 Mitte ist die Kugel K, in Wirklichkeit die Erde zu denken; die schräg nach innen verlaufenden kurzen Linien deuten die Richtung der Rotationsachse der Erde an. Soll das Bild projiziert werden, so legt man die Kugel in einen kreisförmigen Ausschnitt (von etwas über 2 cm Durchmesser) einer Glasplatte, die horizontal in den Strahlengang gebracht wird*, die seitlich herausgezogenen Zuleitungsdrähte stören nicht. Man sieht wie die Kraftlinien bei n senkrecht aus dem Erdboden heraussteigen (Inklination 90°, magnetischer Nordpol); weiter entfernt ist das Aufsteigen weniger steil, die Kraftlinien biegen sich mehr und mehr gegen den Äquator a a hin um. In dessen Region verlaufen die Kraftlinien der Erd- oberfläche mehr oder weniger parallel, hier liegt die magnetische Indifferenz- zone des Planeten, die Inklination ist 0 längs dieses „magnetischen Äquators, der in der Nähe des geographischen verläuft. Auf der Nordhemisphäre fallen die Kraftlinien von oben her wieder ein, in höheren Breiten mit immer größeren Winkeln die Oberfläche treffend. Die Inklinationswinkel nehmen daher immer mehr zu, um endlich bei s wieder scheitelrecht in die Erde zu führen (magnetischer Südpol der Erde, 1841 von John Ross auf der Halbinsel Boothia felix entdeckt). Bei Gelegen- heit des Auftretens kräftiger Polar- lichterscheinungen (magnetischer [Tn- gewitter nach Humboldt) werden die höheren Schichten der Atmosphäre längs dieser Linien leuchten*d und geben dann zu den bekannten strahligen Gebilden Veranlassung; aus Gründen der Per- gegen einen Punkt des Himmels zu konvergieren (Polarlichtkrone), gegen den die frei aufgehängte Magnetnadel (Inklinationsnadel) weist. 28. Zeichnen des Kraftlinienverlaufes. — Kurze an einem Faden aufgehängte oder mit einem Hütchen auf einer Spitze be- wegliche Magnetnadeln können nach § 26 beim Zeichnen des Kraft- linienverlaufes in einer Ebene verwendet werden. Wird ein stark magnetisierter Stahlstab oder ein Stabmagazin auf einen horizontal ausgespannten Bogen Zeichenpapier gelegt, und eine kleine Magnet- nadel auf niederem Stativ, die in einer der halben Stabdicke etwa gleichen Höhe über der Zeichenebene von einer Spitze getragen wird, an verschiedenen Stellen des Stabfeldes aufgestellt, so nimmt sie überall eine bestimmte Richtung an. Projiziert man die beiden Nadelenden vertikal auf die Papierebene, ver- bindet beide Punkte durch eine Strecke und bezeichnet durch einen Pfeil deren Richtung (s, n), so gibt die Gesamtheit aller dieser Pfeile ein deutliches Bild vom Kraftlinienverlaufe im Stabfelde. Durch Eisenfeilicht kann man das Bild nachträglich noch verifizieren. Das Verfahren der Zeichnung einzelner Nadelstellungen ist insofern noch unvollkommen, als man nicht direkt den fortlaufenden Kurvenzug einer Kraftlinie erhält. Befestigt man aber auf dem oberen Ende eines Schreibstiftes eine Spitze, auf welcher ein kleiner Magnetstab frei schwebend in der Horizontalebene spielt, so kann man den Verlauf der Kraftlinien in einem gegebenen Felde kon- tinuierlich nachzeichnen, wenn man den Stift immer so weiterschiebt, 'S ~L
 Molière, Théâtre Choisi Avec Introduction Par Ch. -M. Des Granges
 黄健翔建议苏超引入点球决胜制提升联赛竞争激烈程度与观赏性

○ ○ ○ ○ ○ ○ ○

Would you restate all of the material, word for word?

 Mitte ist die Kugel K, in Wirklichkeit die Erde zu denken; die schräg nach innen verlaufenden kurzen Linien deuten die Richtung der Rotationsachse der Erde an. Soll das Bild projiziert werden, so legt man die Kugel in einen kreisförmigen Ausschnitt (von etwas über 2 cm Durchmesser) einer Glasplatte, die horizontal in den Strahlengang gebracht wird*, die seitlich herausgezogenen Zuleitungsdrähte stören nicht. Man sieht wie die Kraftlinien bei n senkrecht aus dem Erdboden heraussteigen (Inklination 90°, magnetischer Nordpol); weiter entfernt ist das Aufsteigen weniger steil, die Kraftlinien biegen sich mehr und mehr gegen den Äquator a a hin um. In dessen Region verlaufen die Kraftlinien der Erd- oberfläche mehr oder weniger parallel, hier liegt die magnetische Indifferenz- zone des Planeten, die Inklination ist 0 längs dieses „magnetischen Äquators, der in der Nähe des geographischen verläuft. Auf der Nordhemisphäre fallen die Kraftlinien von oben her wieder ein, in höheren Breiten mit immer größeren Winkeln die Oberfläche treffend. Die Inklinationswinkel nehmen daher immer mehr zu, um endlich bei s wieder scheitelrecht in die Erde zu führen (magnetischer Südpol der Erde, 1841 von John Ross auf der Halbinsel Boothia felix entdeckt). Bei Gelegen- heit des Auftretens kräftiger Polar- lichterscheinungen (magnetischer [Tn- gewitter nach Humboldt) werden die höheren Schichten der Atmosphäre längs dieser Linien leuchten*d und geben dann zu den bekannten strahligen Gebilden Veranlassung; aus Gründen der Per- gegen einen Punkt des Himmels zu konvergieren (Polarlichtkrone), gegen den die frei aufgehängte Magnetnadel (Inklinationsnadel) weist. 28. Zeichnen des Kraftlinienverlaufes. — Kurze an einem Faden aufgehängte oder mit einem Hütchen auf einer Spitze be- wegliche Magnetnadeln können nach § 26 beim Zeichnen des Kraft- linienverlaufes in einer Ebene verwendet werden. Wird ein stark magnetisierter Stahlstab oder ein Stabmagazin auf einen horizontal ausgespannten Bogen Zeichenpapier gelegt, und eine kleine Magnet- nadel auf niederem Stativ, die in einer der halben Stabdicke etwa gleichen Höhe über der Zeichenebene von einer Spitze getragen wird, an verschiedenen Stellen des Stabfeldes aufgestellt, so nimmt sie überall eine bestimmte Richtung an. Projiziert man die beiden Nadelenden vertikal auf die Papierebene, ver- bindet beide Punkte durch eine Strecke und bezeichnet durch einen Pfeil deren Richtung (s, n), so gibt die Gesamtheit aller dieser Pfeile ein deutliches Bild vom Kraftlinienverlaufe im Stabfelde. Durch Eisenfeilicht kann man das Bild nachträglich noch verifizieren. Das Verfahren der Zeichnung einzelner Nadelstellungen ist insofern noch unvollkommen, als man nicht direkt den fortlaufenden Kurvenzug einer Kraftlinie erhält. Befestigt man aber auf dem oberen Ende eines Schreibstiftes eine Spitze, auf welcher ein kleiner Magnetstab frei schwebend in der Horizontalebene spielt, so kann man den Verlauf der Kraftlinien in einem gegebenen Felde kon- tinuierlich nachzeichnen, wenn man den Stift immer so weiterschiebt, 'S ~L
 Molière, Théâtre Choisi Avec Introduction Par Ch. -M. Des Granges
 黄健翔建议苏超引入点球决胜制提升联赛竞争激烈程度与观赏性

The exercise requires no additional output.